Cumhuriyet ailesinin içinde olmanın ayrıcalığı
Kuşkusuz Yunus Nadi döneminde bizler yoktuk. Ancak Cumhuriyet gazetesinin yayımlanan ilk sayısında, birinci sayfadan yayımlanmış ilk köşe yazısı ile günümüzde çalışanlar için de geçerli olmak üzere, ödün verilmemesi gerekli ilkelerin altını çizmişti. İstanbul basını içinde, Mustafa Kemal'in Cumhuriyet değerlerinin savunulması sorumluluğunu gönüllü üstlenmiş olmasına karşın, altını bir bir çizdiği gazeteciliğin bağımsızlık ilkeleri birbirinden değerliydi.

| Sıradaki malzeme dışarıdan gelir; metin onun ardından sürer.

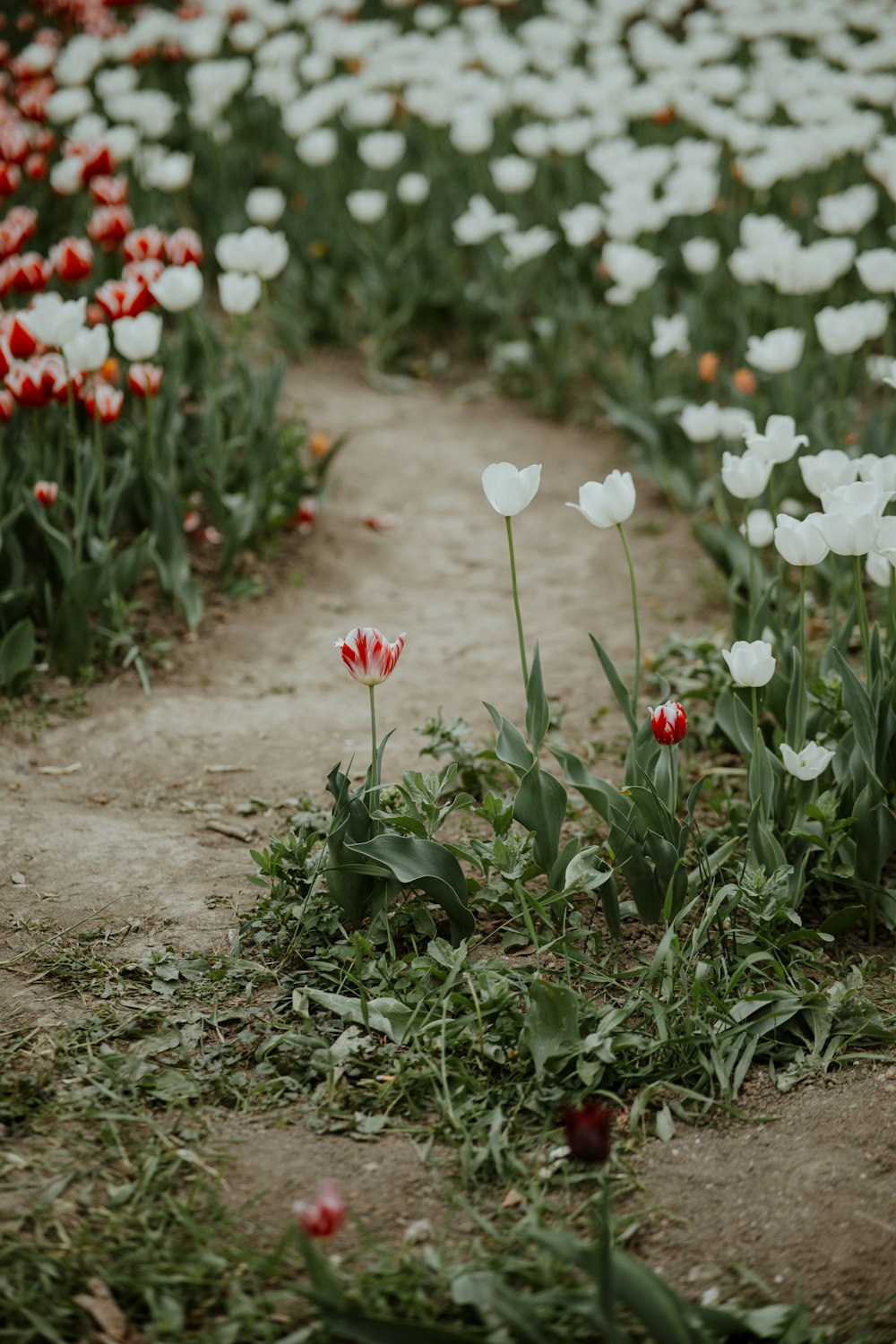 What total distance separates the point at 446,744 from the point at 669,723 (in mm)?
715

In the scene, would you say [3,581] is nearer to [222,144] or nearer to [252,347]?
[252,347]

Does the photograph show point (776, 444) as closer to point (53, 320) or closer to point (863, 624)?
point (863, 624)

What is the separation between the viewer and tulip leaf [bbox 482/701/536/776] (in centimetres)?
233

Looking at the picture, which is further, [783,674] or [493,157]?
[493,157]

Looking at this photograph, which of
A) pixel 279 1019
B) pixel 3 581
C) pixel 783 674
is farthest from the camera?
pixel 3 581

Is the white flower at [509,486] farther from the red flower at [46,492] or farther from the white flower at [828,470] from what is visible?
the red flower at [46,492]

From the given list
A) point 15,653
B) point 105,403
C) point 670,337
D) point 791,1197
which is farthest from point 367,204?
point 791,1197

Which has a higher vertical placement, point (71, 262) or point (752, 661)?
point (71, 262)

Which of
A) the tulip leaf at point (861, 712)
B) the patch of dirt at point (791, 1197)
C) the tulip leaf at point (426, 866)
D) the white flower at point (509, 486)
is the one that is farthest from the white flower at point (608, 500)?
the patch of dirt at point (791, 1197)

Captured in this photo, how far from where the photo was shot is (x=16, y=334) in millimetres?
3188

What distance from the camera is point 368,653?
2146 mm

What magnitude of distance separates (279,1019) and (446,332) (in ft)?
14.4

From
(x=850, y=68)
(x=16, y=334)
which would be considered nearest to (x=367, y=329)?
(x=16, y=334)

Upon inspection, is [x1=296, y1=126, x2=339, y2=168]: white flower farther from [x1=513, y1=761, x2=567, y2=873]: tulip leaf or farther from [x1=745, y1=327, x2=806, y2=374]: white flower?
[x1=513, y1=761, x2=567, y2=873]: tulip leaf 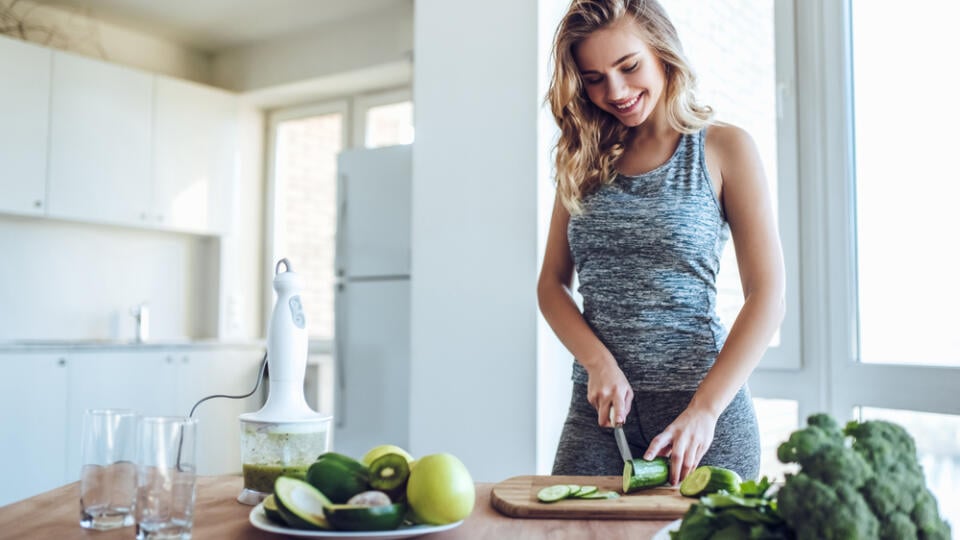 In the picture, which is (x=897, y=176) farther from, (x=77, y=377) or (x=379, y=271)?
(x=77, y=377)

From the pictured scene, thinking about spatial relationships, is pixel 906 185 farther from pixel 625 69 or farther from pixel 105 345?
pixel 105 345

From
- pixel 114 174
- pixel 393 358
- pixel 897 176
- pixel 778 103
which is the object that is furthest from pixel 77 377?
pixel 897 176

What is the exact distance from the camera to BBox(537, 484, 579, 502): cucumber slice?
104 cm

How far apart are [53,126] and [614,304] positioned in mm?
3640

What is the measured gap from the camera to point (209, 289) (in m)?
5.30

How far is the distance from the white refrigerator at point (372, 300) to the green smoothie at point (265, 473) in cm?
265

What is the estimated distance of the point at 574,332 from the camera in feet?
4.94

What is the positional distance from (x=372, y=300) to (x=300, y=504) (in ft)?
9.92

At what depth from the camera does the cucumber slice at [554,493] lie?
104 centimetres

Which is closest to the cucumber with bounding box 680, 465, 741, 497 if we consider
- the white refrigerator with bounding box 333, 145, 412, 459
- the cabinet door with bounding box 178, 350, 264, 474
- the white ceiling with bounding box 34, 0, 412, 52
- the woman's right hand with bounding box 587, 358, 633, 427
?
the woman's right hand with bounding box 587, 358, 633, 427

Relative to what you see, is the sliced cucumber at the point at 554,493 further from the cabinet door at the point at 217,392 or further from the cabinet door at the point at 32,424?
the cabinet door at the point at 217,392

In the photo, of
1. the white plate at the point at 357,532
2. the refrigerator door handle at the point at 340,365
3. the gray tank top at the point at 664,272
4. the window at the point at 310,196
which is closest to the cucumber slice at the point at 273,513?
the white plate at the point at 357,532

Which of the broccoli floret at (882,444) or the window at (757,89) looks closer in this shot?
the broccoli floret at (882,444)

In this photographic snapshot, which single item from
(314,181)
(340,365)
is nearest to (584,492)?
(340,365) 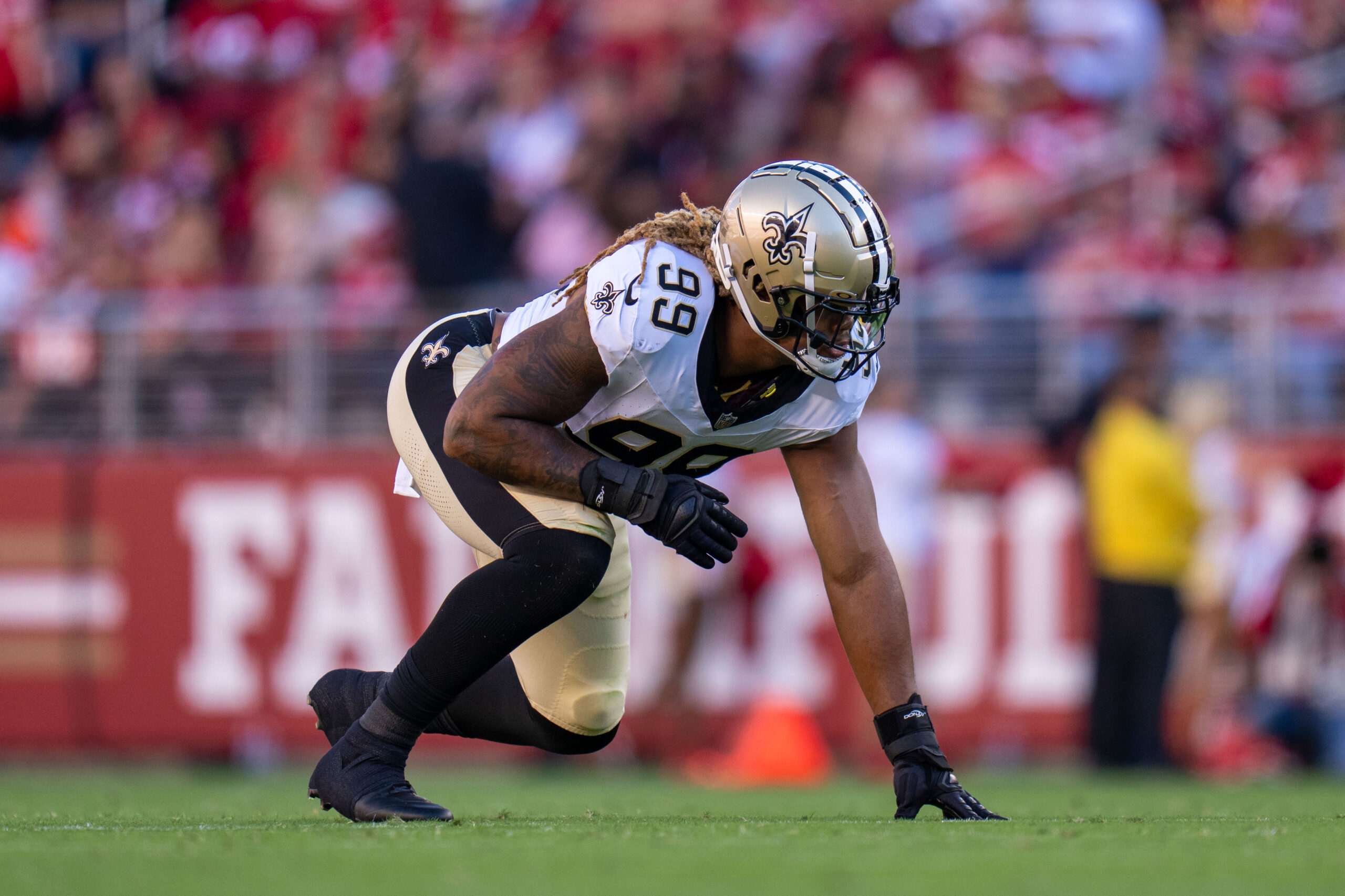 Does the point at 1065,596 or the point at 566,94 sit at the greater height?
the point at 566,94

Cumhuriyet gazetesi, bağımsız gazetecilik ilkelerinden kopmamak üzere yayın yaşamına girerken, öncelikle siyasal iktidarlar, hükümetler karşısında bağımsız kalma sorumluluğunun olduğunun altını çiziyordu. Öncelikli koşulun gerçekleşebilmesinde de ekonomik bağımsızlığın korunabilmesi koşullarına dikkat çekerken, sadece siyasal iktidar erkinin karşısında değil, bankalar, para kaynaklarının tümü için geçerli bir zorunluluğun olduğunun vurgusu yapılıyordu.

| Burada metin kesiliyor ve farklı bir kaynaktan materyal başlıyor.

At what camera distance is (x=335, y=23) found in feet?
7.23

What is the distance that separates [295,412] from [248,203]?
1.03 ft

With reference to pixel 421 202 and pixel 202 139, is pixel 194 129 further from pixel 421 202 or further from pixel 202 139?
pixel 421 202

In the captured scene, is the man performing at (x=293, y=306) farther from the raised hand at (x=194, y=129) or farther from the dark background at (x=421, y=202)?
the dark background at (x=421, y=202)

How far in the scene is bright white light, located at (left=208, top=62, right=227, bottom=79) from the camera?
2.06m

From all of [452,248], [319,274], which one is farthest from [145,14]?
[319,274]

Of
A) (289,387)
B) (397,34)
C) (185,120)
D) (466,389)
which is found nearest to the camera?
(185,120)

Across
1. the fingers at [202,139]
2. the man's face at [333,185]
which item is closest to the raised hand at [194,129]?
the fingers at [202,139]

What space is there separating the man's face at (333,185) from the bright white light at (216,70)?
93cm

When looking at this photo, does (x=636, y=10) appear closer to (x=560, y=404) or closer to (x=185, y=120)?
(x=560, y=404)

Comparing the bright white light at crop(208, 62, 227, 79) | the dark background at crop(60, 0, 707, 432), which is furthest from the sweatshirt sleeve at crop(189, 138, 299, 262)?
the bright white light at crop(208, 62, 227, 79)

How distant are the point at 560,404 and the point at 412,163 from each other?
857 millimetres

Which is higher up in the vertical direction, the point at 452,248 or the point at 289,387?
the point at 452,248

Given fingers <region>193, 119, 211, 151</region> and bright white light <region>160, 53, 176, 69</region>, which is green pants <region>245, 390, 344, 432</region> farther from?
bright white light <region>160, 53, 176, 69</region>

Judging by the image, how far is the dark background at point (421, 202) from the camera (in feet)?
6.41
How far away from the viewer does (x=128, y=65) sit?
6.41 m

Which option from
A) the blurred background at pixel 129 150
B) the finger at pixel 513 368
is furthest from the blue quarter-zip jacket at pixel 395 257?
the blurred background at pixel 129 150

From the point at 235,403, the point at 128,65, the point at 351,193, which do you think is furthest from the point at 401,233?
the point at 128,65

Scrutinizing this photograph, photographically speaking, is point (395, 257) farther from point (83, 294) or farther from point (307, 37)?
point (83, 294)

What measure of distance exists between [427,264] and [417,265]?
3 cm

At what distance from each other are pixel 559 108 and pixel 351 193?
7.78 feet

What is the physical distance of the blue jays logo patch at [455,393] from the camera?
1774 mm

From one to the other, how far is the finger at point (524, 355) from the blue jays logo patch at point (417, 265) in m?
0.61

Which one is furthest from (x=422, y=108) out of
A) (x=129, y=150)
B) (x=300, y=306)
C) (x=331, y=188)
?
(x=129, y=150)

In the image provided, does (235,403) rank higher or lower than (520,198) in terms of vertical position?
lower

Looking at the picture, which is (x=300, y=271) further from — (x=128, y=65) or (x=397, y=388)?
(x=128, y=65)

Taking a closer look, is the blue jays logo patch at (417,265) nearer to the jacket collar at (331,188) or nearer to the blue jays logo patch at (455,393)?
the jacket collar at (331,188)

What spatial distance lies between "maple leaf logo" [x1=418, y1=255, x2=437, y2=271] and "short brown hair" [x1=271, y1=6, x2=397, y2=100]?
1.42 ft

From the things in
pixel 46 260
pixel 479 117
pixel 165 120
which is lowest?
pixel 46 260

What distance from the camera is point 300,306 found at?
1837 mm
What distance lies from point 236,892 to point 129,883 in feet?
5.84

Yunus Nadi'nin son tedavisi için gittiği yurtdışında ölmesi üzerine, eşi Nazime Nadi'ye gönderdiği, bütün çocuklarıyla, damatlar da içinde, birlikte okunmasını istediği vasiyet ise ikinci bir dönemeç taşının başlangıcı sayılabilir. Gazetenin yönetiminden oğulları Nadir Nadi ile Doğan Nadi sorumlu olacaklardı. Nazime Nadi, eşi adına gazetenin sürdürülebilirliği sorumluluğunu üzerine alacaktı.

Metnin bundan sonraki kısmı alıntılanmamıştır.